Thank you to Drs. Glenn and Mayer for sharing their insights in response to my Ethical Moment column. As I mentioned in the column, being asked to treat a patient first met during peer-review mediation raises some "sticky issues;" some of those issues have been further highlighted in their letters.
The column attempted to convey that both the patient and the former treating dentist were adamant in their respective positions, and that the patients approach regarding subsequent treatment was made well after mediation efforts had ceased. Thus, a reopening of the mediation and the possibility of an undermining of the mediators impartiality is remote.
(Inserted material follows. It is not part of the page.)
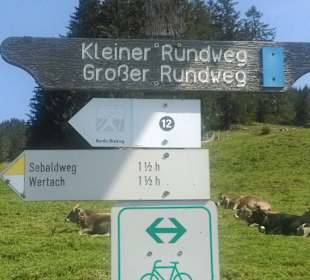 Wandern Nesselwängle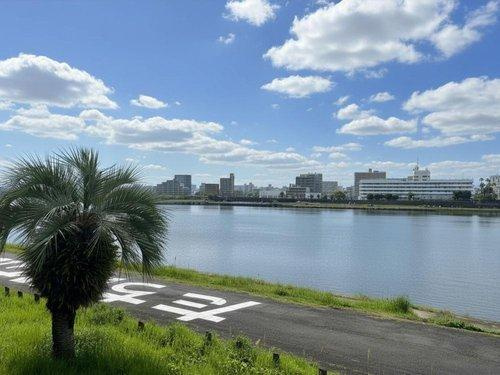 大淀川と宮崎のシンボル、ワシントニアパームが見えます♪(視認性を高めるために一部加工を行っております。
Furthermore, I indicated that if there was any appearance of acting as the patients advocate or using the mediator position to entice the patient into seeking further treatment from the mediator, the better course might be to decline to accept the patient, as the mediating doctors impartiality and integrity could be questioned. The column also raised a cautionary flag about the potential for difficulty with the patient; that question must certainly be examined. But involvement in a failed mediation attempt does not necessarily make the patient unreasonable or troublesome, and to brand the patient as such may itself raise an issue of impartiality.
In the end, as with many thorny situations with ethical components, there exist areas where we can differ. There will be instances in which the mediator should decline to accept a patient after peer review. But, as I indicated in the conclusion to the column, in some circumstances, accepting the patient may be done without abrogating the ADA Code. Whether the patient is accepted into treatment in those instances must be left up to the judgment of the dentist involved.